New York — Young women today will not let their careers take a back seat to their husbands' jobs, a new survey by Seventeen magazine says. The magazine's "1980 Teen Trends Survey" is conducted every two years to measure the thoughts, opinions, attitudes, and activities of young women.
Eight out of 10 teens surveyed said that before they consider marrying, they will make certain the men support their career plans. What's more, 88 percent plan to work after they are married, and 6 out of 10 girls will continue working even after they have a child. A meaningful career is so important to teens today that more than 40 percent said they would pursue a field in which the sense of achievement is high, even if the salary is not.
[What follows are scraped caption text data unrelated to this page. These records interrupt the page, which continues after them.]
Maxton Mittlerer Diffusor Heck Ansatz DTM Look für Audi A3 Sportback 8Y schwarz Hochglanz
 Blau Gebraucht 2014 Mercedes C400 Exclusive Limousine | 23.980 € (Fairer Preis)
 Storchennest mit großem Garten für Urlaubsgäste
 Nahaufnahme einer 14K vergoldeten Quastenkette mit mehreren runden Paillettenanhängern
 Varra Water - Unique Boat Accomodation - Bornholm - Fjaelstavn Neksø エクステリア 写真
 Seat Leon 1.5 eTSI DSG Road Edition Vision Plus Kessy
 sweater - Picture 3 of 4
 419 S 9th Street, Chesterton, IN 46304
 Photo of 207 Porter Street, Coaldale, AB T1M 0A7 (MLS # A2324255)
It is not surprising that this new career-oriented teen is very concerned about issues pertaining to women. The survey showed that 94 percent are interested in equal education and training; 93 percent of the girls are concerned about meaningful work and adequate compensation; and nearly 2 out of 3 teens are interested in the passage of the Equal Rights Amendment. In addition, nearly 2 out of 5 teens approve of single mothers raising children.
Other findings in the teen trends survey include:
* The career choices of teens vary widely, with housewife-mother, lawyer, and medicine named most frequently.
* Ninety-four percent of all teen girls plan to attend college. About 1 in 5 of these girls intend to major in liberal arts, making it the most popular future field of study. The health field was the second most popular prospective major, followed by business.
* Half of all teen girls in this country are working (90 percent hold part-time jobs, and 10 percent work full time. The most prevalent part-time job for teens is waitress, foodservice helper. The most common full-time job among working teens is offi ce clerk.